I know I really am getting old, because I start to think about the past. Not many of my American friends knew that I was born and grew up in one of the largest slum in Shanghai. In Chinese, Slum is called "Peng Hu Qu", it literally means "Cote & Shed District"in Chinese. For the first 19 years of my life, until some developer had spotted our land, I have lived in a slum in Yang Pu District, near the infamous Su Zhou River. The slum was dark, colorless, smelly, no tree, no animals, just sheds one connected to another. I have rarely seen strangers coming into the slum, if I see one, he is probably lost in the maze and desperately needs to get out.
Four generations of my father's family had lived in the same house. The house I grew up was actually considered one of the best houses in the whole slum, a small two-story brick house with a separate fenced yard and a shared courtyard with five other families and a well which is one of my favorite things at the time. Unlike the kids in City of God or Born into the Brothels, my childhood in the slum was quite pleasant. I had a lot of friends, it was very safe and we invented games to play.

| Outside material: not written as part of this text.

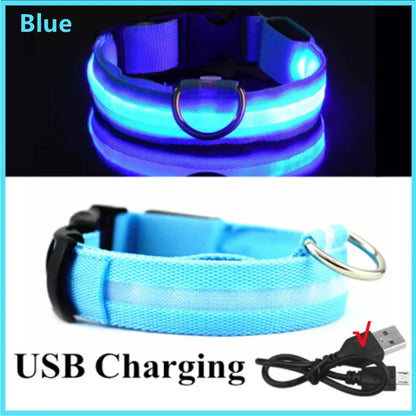 Rechargeable Luminous Pet Collar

In the summer of 1997, When we first got notice that the section we had lived was in the new developing zone, everyone was so excited to be able to finally move out of the slum. Sadly, no one, has even had a slice of thought of taking a picture of the place. Everyday, I saw families drove their furnitures out of the slum and they don't even look back. One week after the last person moved out, the slum Lane 390, the size of two Time Square, was flattened. Since then, I have never gone back to see the old neighborhood, but from the recent Google Satellite map, I discovered little has been changed in the area since 10 years ago while most of Shanghai boomed with skyscrapers like the speedy growing of bamboo shots.
Well, I hope you enjoy this little bit of personal history of mine. I am extremely regretted that there is nothing has recorded of my childhood and teenage-hood in the slum. This is just maybe why having a camera now and have it with me at all time become so important to me.